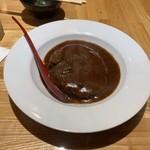 美食酒場 竹 - 煮込みハンバーグ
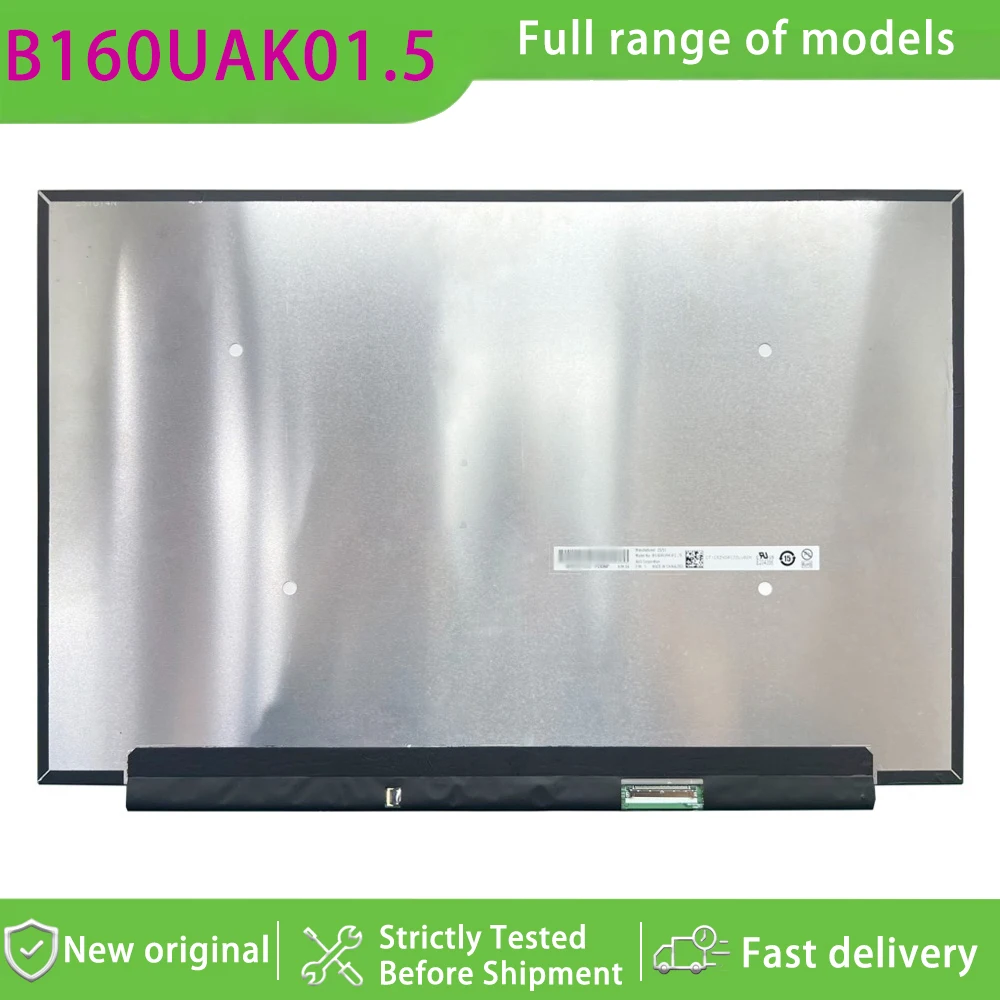 B160UAK01.5 16.0 Inch Wuxga 10 Aspect Ratio Ips Grade Lcd Display Panel Capacitive Touch  for Laptop Assembly Replacement Part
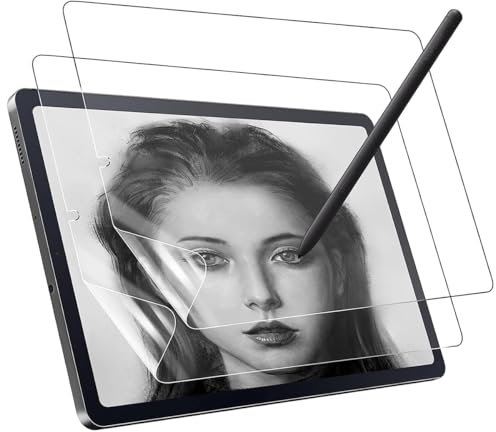 [2 Stück] Papier Matte Schutzfolie für Xiaomi Redmi Pad Pro 4G/5G 12.1 Zoll, Paperlike matte PET-Papierfolie zum Zeichnen, Schreiben, kompatibel mit S-Stift, Anti-Reflex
☆ ☆ ☆ ☆
* [Requirement]: Drop the pictures and reproduce the rest of the data above exactly.

* [Task solution]:
 美食酒場 竹 - 煮込みハンバーグ
 B160UAK01.5 16.0 Inch Wuxga 10 Aspect Ratio Ips Grade Lcd Display Panel Capacitive Touch  for Laptop Assembly Replacement Part
 [2 Stück] Papier Matte Schutzfolie für Xiaomi Redmi Pad Pro 4G/5G 12.1 Zoll, Paperlike matte PET-Papierfolie zum Zeichnen, Schreiben, kompatibel mit S-Stift, Anti-Reflex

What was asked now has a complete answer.